Systematic components - are those that allow modeling as they have some consistent or recurring pattern. Examples for systematic time series components are

a. Trend - A trend is a consistent increase or decrease in units of the underlying data. Consistent in this context means that there are consecutively increasing peaks during a so-called uptrend and consecutively decreasing lows during a so-called downtrend. Also, if there is no trend, this can be called stationary.

b. Seasonality - describes cyclical effects due to the time of the year. Daily data may show valleys on the weekend, weekly data may show peaks for the first week of every or some month(s) or monthly data may show lower levels for the winter or summer months respectively.
Non-systematic components - any other observation in the data is categorized as unsystematic and is called error or remainder.

The general magnitude of the time series is also referred to with "level".
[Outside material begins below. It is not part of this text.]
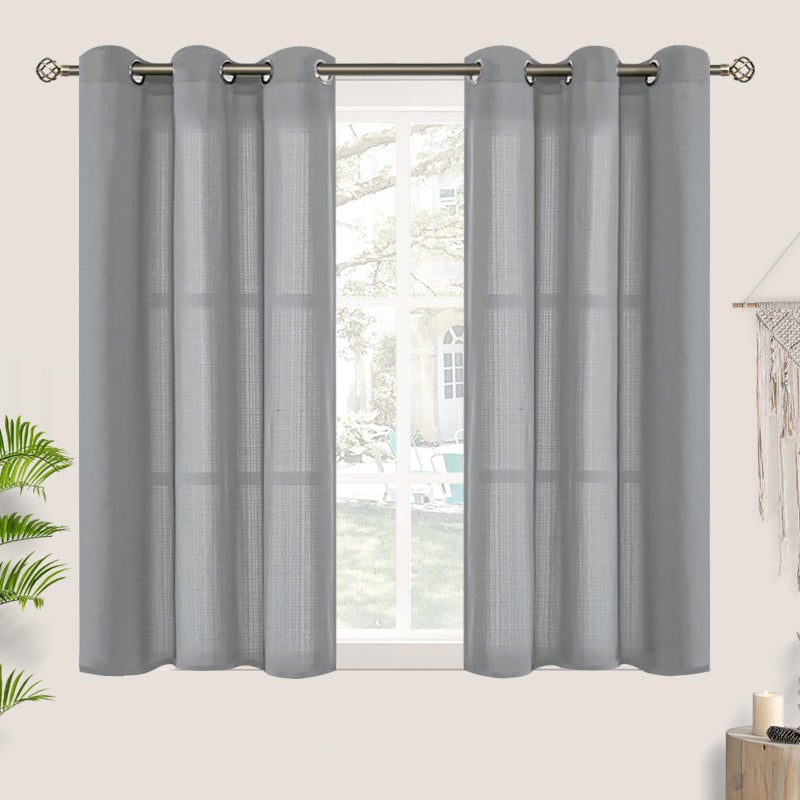 BGment Grey Linen Sheer Curtains 54 Inch Length for Bedroom, Grommet Light Filtering Semi Sheer Casual Textured Privacy Curtains for Living Room, 2 Panels (Each 42 x 54 Inch, Grey) - Image 1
**In our example, we will be looking wholesale confectionery products data. Our main focus is net revenue sales dataset from year 2017, until end of first quarter of 2020 (3 years and 3 months) by month interval. We use one dimensional time series analysis techniques and machine learning algorithms, and compare them. **

2. Loading libraries

All necessary libraries are loaded and written all together at the beginning of the project. This way we know what packages we used, and all possible changes are made easier. **
**In fpp2 are all auto model and plotting functions.
RODBC is used to create connection using ODBC driver, the most popular and basic database connection driver.
Uroot is used for later in chapter for changing model parameters.
Tsfknn is package for using knn algorithm on time series data.
Nnfor is neural network package for time series data.

3. Importing data

We will use SQL Server to import data from view object named TEST_ProdajaPoMesecima.
Firstly, we create connection object by giving them connection string, contained of driver's name, server's name, database, uid- username and pwd - password.
Then, we call stored view from server, and get raw data inside data variable.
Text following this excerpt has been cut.